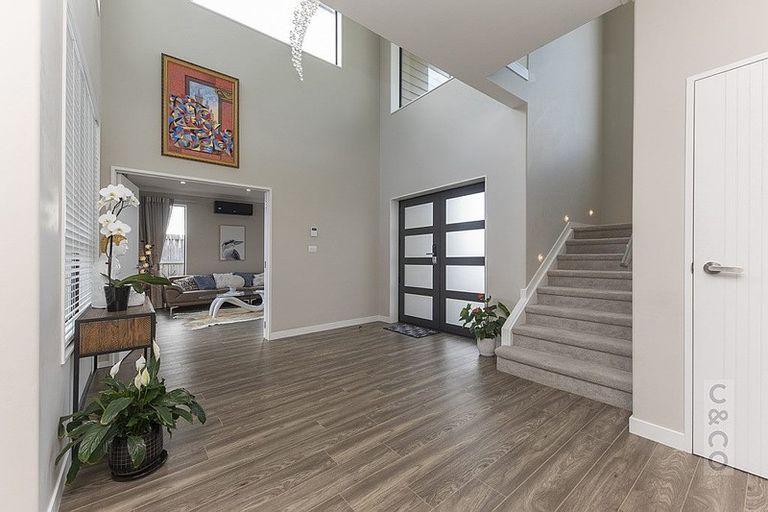 Photo of property in 36 Riverhead Point Drive, Riverhead, 0820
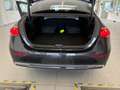 Mercedes-Benz E 300 e BURMESTER 4D 19 ZOLL LM LD HP Grau - thumbnail 20
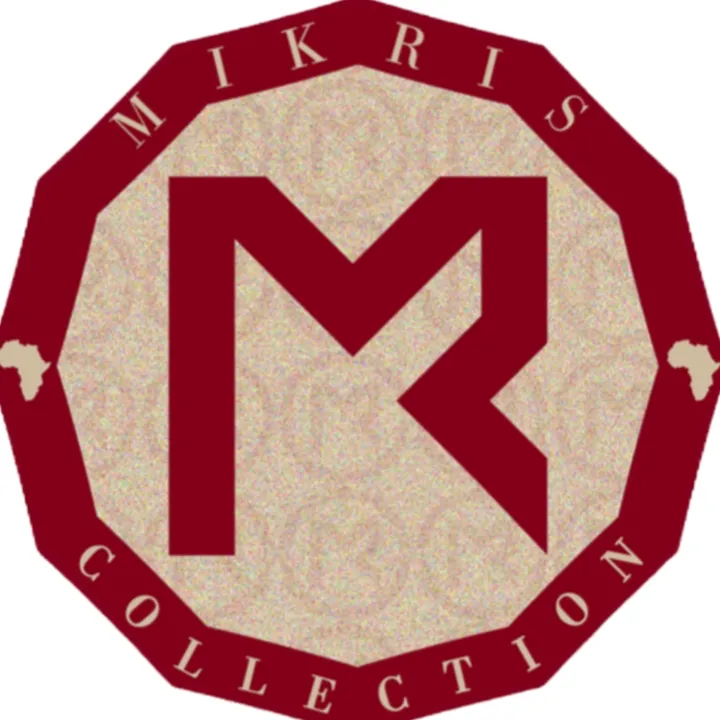 mikriscollection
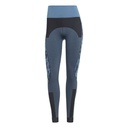 Жіночі легінси Adidas by Stella McCartney TruePurpose Seamless GL7584
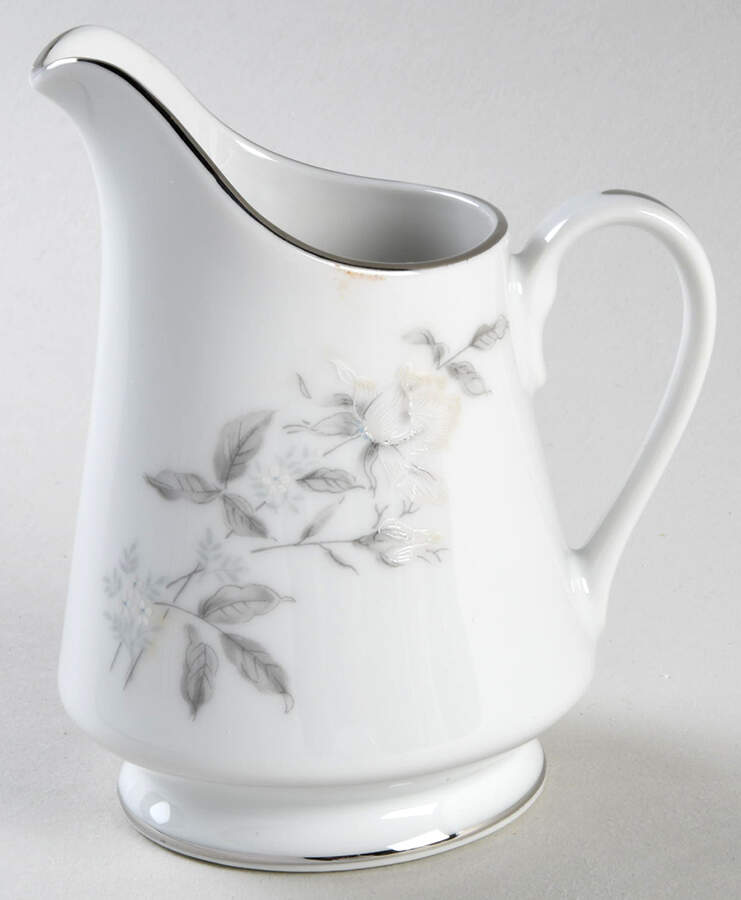 M1013 Creamer by Brookwood-1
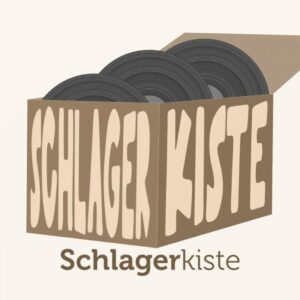 laut.fm – Schlagerkiste Witten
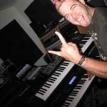 I love Gear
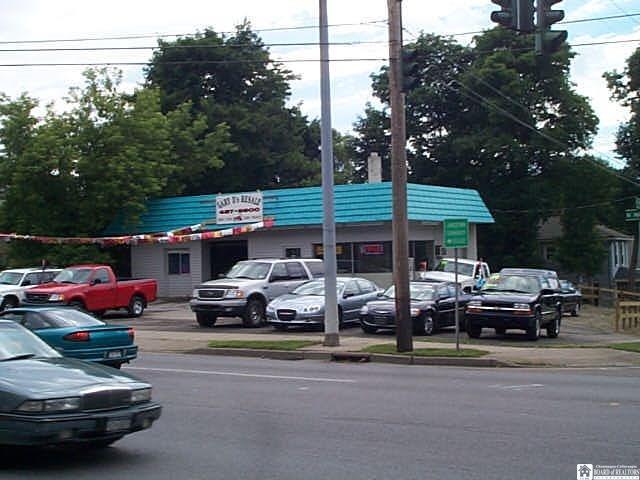 Property Image for 1167 N Main St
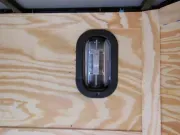 new Cargo (Enclosed) Trailers Various  for sale, in Kenneth City, FL Thumbnail 7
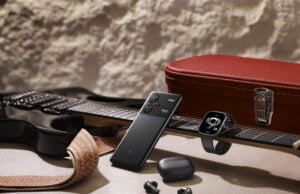 Mamá podrá capturar los momentos más icónicos con la nueva serie Redmi Note 13 de Xiaomi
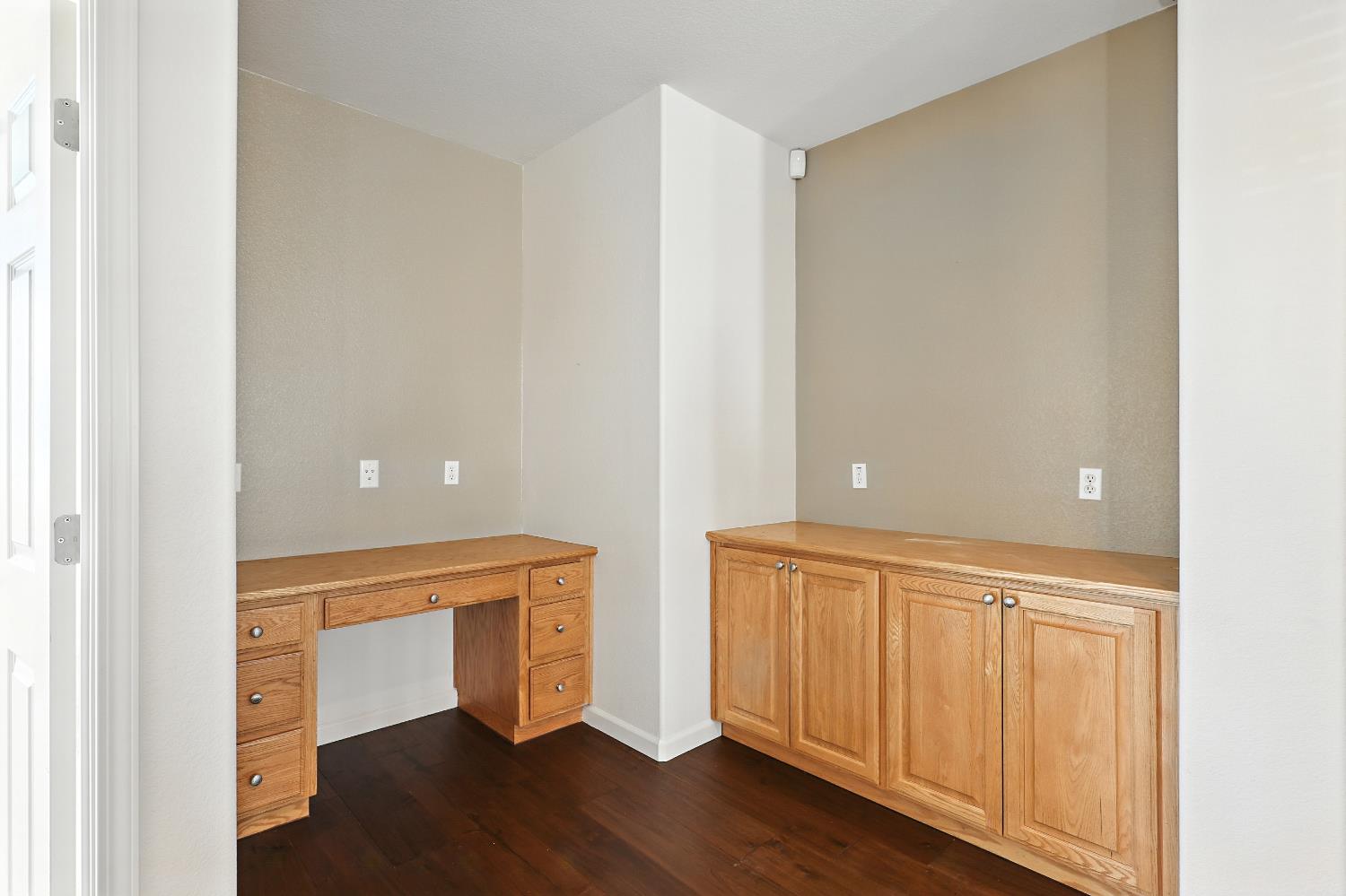 14510 Spyglass Cir, Chowchilla, CA 93610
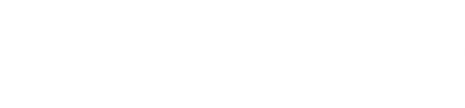 Recognise Bank
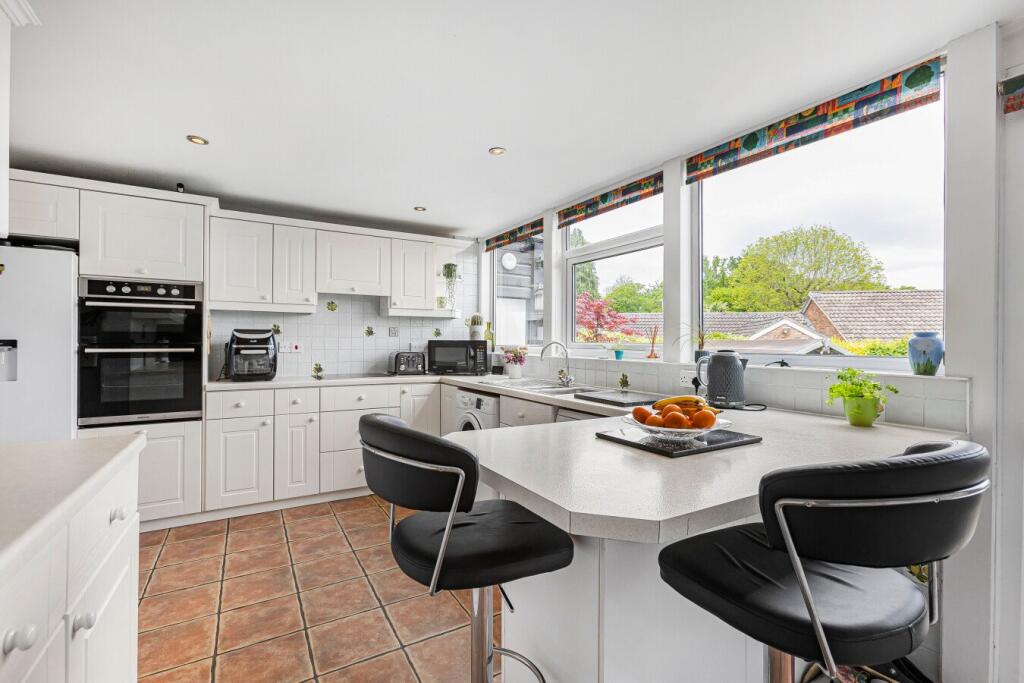 Additional image 9 of Minster Close, Hatfield, AL10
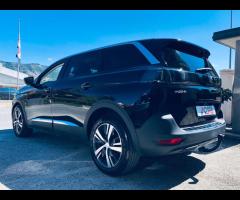 Peugeot 5008 BlueHDi 130 S&S EAT8 Allure Pack - 30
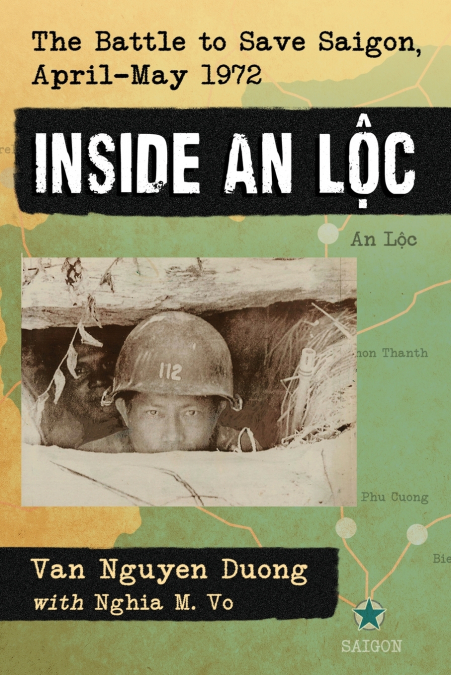 LEGENDS OF VIETNAM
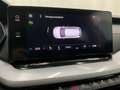 Skoda Octavia Combi AMBITION 2.0TDI 150PS DSG 4x4 AHK.GRA.2xPDC. Bianco - thumbnail 14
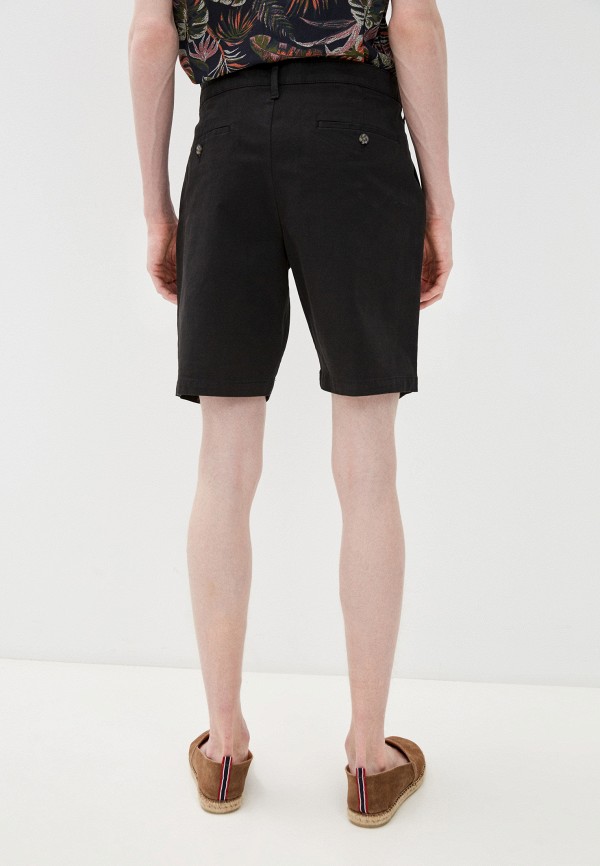 фото Шорты marks & spencer
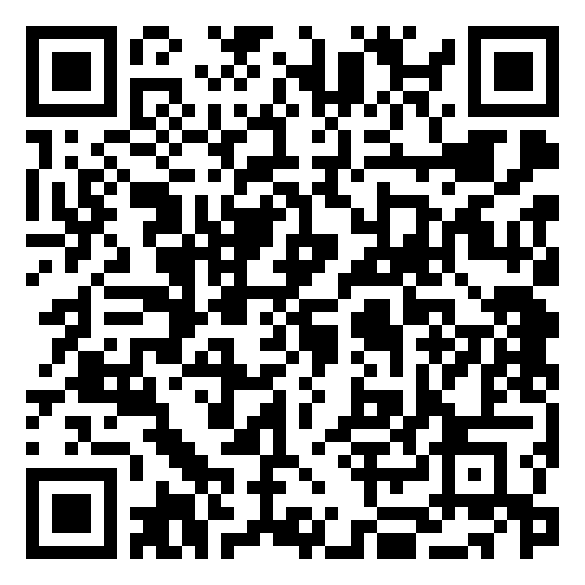 kod QR z danymi kontaktowymi 36661995400000
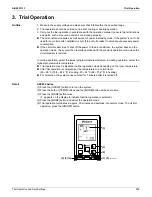 Preview for 396 page of Daikin FTXS30LVJU Service Manual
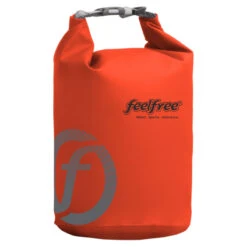 SAC ETANCHE FEELFREE TUBE MINI 3L 8 SAC ETANCHE FEELFREE TUBE MINI 3L -Railblaza Soldes Boutique sac etanche feelfree tube mini 3l 2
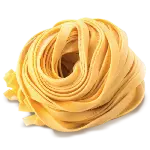 tagliatelles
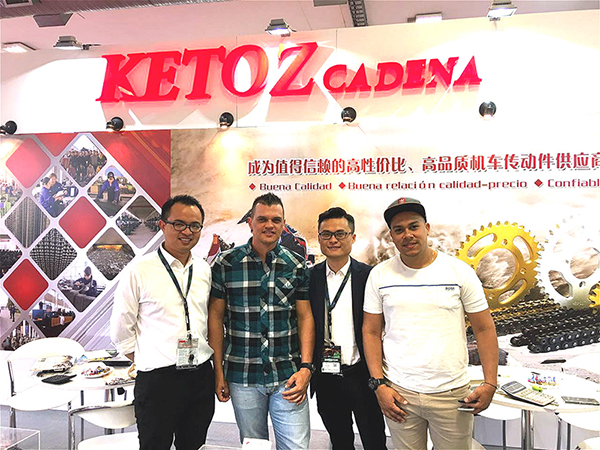 Company Profile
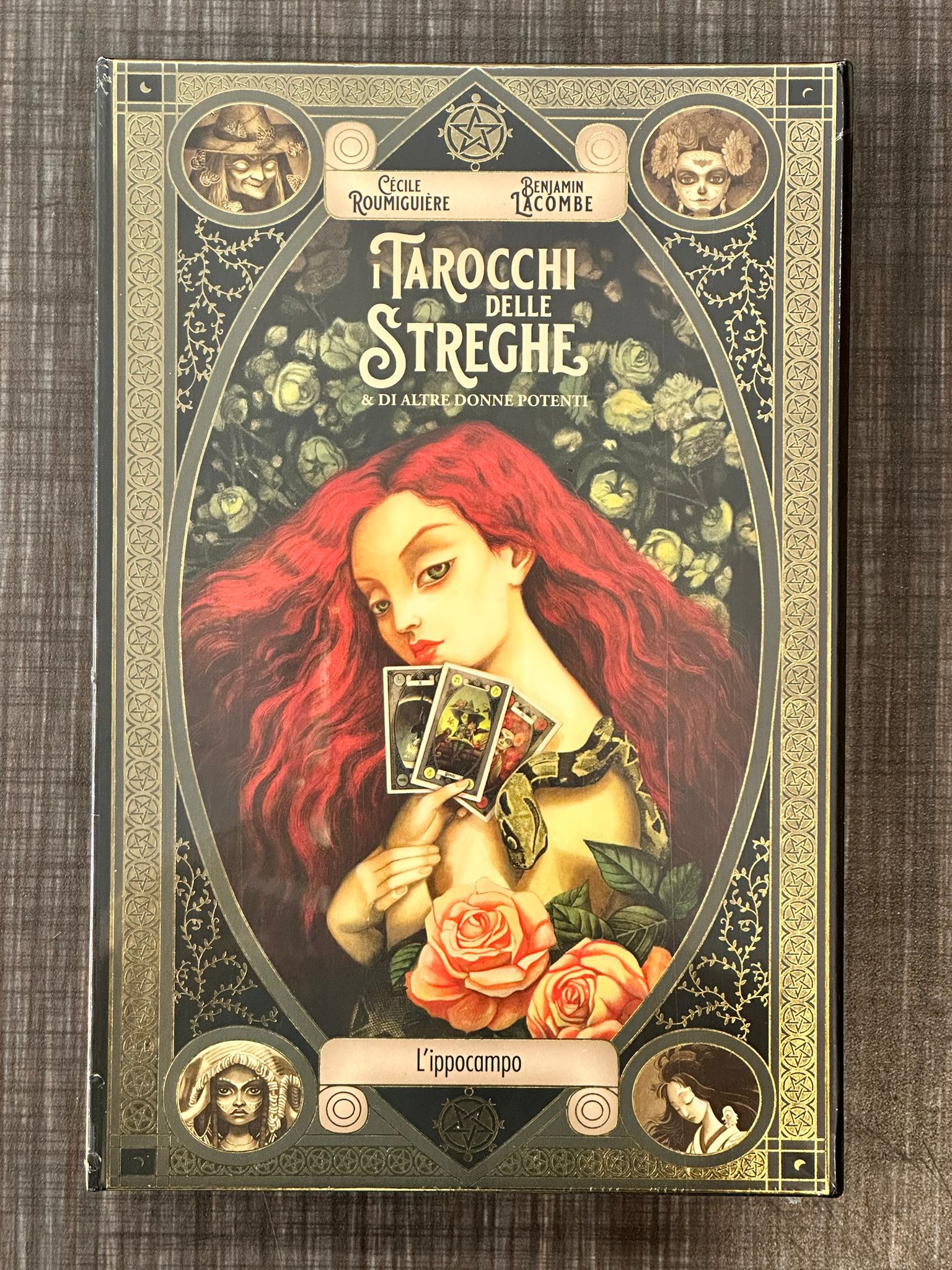 i-tarocchi-delle-streghe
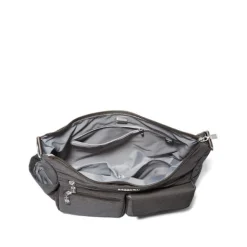 Modern Everywhere Crossbody Bag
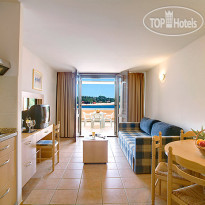 Pinia Residence Valamar 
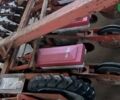 Квернеланд Монопилл, объемом двигателя 0 л и пробегом 0 тыс. км за 8153 $, фото 2 на Automoto.ua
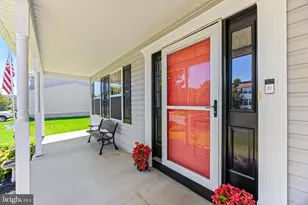 4613 Sandwood Rd, Sparrows Point, MD 21219 - Photo 56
====
» Assigned task:
Retype the entries above exactly, starting at their first line and ending with the line that holds "I love Gear"; pictures stay out.

» Problem solution:
 Photo of property in 36 Riverhead Point Drive, Riverhead, 0820
 Mercedes-Benz E 300 e BURMESTER 4D 19 ZOLL LM LD HP Grau - thumbnail 20
 mikriscollection
 Жіночі легінси Adidas by Stella McCartney TruePurpose Seamless GL7584
 M1013 Creamer by Brookwood-1
 laut.fm – Schlagerkiste Witten
 I love Gear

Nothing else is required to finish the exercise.